What if…? Influencing research policy and practice through lived experience

Date: 3 April 2024

Lived experience of disability, health and illness, is particularly pertinent when considering genomic research and its applications in diagnosing and treating specific diseases.

We all experience life differently, due to our individual circumstances, identities, and interests. And sometimes the views and perspectives that we derive from our lived experiences means that we can make a unique contribution in all sorts of diverse areas. Lived experience of disability, health and illness, is particularly pertinent when considering genomic research and its applications in diagnosing and treating specific diseases.

For example, it is estimated that more than 2.4million people in the UK are currently living with a genetic condition. These includes disorders, such as cystic fibrosis or sickle cell anaemia, which are caused by variation in a single gene and can be inherited in families. In the future it may be possible to use human genome editing to treat or prevent serious genetic conditions. We believe that those with lived experience of these conditions can, and should, provide a valuable perspective to the discussion and decision-making around this topic.

In September 2022 we hosted a Citizens’ Jury in partnership with Genetic Alliance UK and Involve. The jury consisted of 21 individuals whose lives have been affected by hereditary disease. The Citizens’ Jury considered the question: Are there any circumstances under which a UK Government should consider changing the law to allow intentional genome editing of human embryos for serious genetic conditions? The four-day event was the first time that patients, rather than policymakers or professionals, have been asked about their views on this complex topic. Each of the jurors had personal experience of a genetic condition and were chosen to provide a diversity of age, ethnicity, socio-economic, and educational backgrounds. Ultimately, the jury voted in favour of asking the UK government to consider changing the law to allow genome editing of human embryos to treat serious genetic conditions. One year on from their verdict, the jury members have remained in touch as a close network, and we continue to identify opportunities with policy-makers, healthcare professionals and scientists, to amplify their voices.

Three minute trailer

The UK Citizens’ Jury on Genome Editing was also a creative project that aimed to visually tell the story of how the jury reached its conclusions. The event was filmed by Green Eyed Monster Films, in collaboration with Lambda Films, and released as a short documentary.

The film has since been recognised at a number of film festivals, including; the Activists Without Borders Film Festival, Raw Science Film Festival, the London International Filmmakers Festival, and the International Social Change Film Festival.


Cancer is a health condition that is likely to impact us all, either through a personal diagnosis, or through a friend or family member.
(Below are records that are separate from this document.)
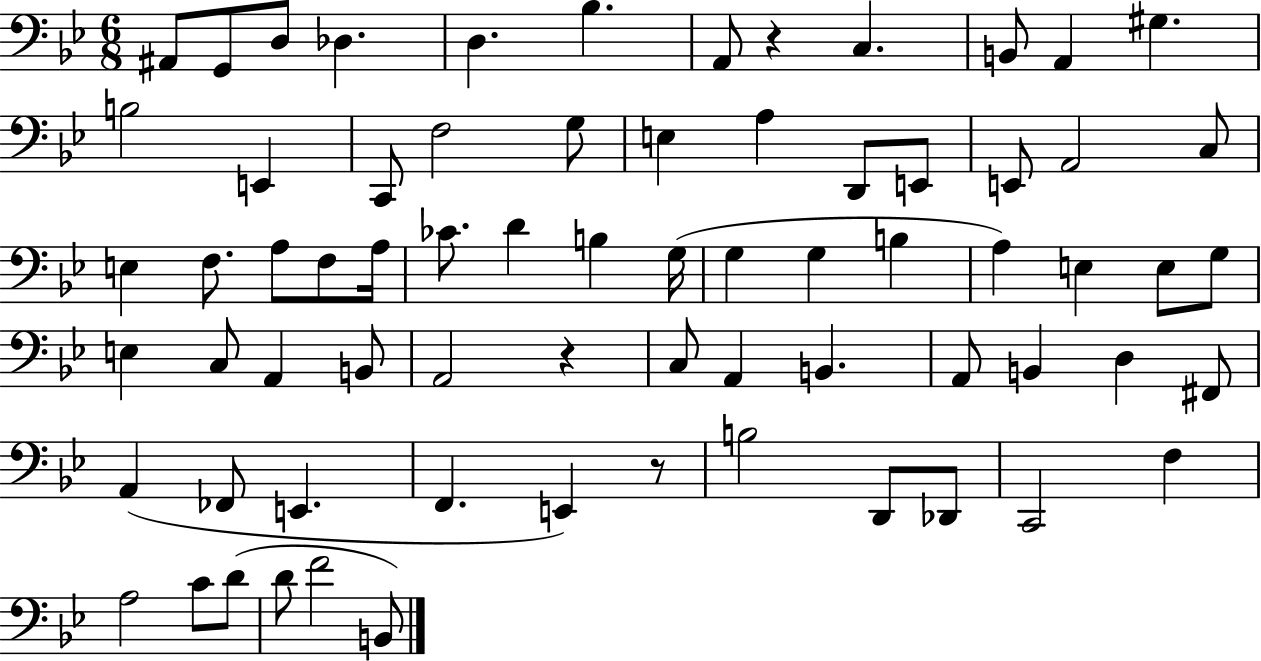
A#2/e G2/e D3/e Db3/q. D3/q. Bb3/q. A2/e R/q C3/q. B2/e A2/q G#3/q. B3/h E2/q C2/e F3/h G3/e E3/q A3/q D2/e E2/e E2/e A2/h C3/e E3/q F3/e. A3/e F3/e A3/s CES4/e. D4/q B3/q G3/s G3/q G3/q B3/q A3/q E3/q E3/e G3/e E3/q C3/e A2/q B2/e A2/h R/q C3/e A2/q B2/q. A2/e B2/q D3/q F#2/e A2/q FES2/e E2/q. F2/q. E2/q R/e B3/h D2/e Db2/e C2/h F3/q A3/h C4/e D4/e D4/e F4/h B2/e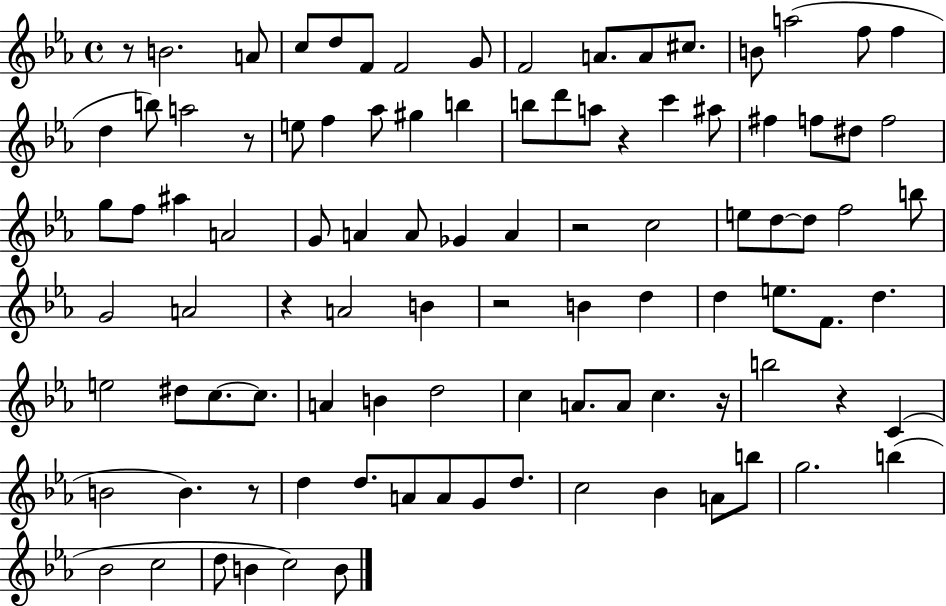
{
  \clef treble
  \time 4/4
  \defaultTimeSignature
  \key ees \major
  r8 b'2. a'8 | c''8 d''8 f'8 f'2 g'8 | f'2 a'8. a'8 cis''8. | b'8 a''2( f''8 f''4 | \break d''4 b''8) a''2 r8 | e''8 f''4 aes''8 gis''4 b''4 | b''8 d'''8 a''8 r4 c'''4 ais''8 | fis''4 f''8 dis''8 f''2 | \break g''8 f''8 ais''4 a'2 | g'8 a'4 a'8 ges'4 a'4 | r2 c''2 | e''8 d''8~~ d''8 f''2 b''8 | \break g'2 a'2 | r4 a'2 b'4 | r2 b'4 d''4 | d''4 e''8. f'8. d''4. | \break e''2 dis''8 c''8.~~ c''8. | a'4 b'4 d''2 | c''4 a'8. a'8 c''4. r16 | b''2 r4 c'4( | \break b'2 b'4.) r8 | d''4 d''8. a'8 a'8 g'8 d''8. | c''2 bes'4 a'8 b''8 | g''2. b''4( | \break bes'2 c''2 | d''8 b'4 c''2) b'8 | \bar "|."
}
The Cancer Research UK-funded Mutographs project, is led by Professor Mike Stratton at the Wellcome Sanger Institute, and aims to identify specific ‘DNA signatures’ in the human genome that are linked to cancer development. The Mutographs project team includes two patient advocates, Mimi McCord and Maggie Blanks, with lived experience of cancer, who have actively offered insight and challenge in support of the project and its researchers.

Over the summer of 2022, Damian Hebron and Dr Alessia Costa, from our Engagement and Society team, conducted a series of interviews with Mimi, Maggie, and several of the staff working on the project to understand how the process of patient advocacy had worked, what had gone well, and what might be improved in future projects. Their work is summarised in a report that we hope can influence the landscape for patient involvement and advocacy, as part of a shared research endeavour.


“Understanding more about our patient advocates experiences as part of this research has provided insights that we, and others, can use in future projects; working with the Connecting Science team enabled us to access different expertise, that supported our advocates to both contribute to the project, and reflect on the impact of these contributions.”

– Dr Laura Humphreys, Project Manager, Mutographs


Patient advocates visiting a sample collection site in Kenya, along with global cancer research colleagues.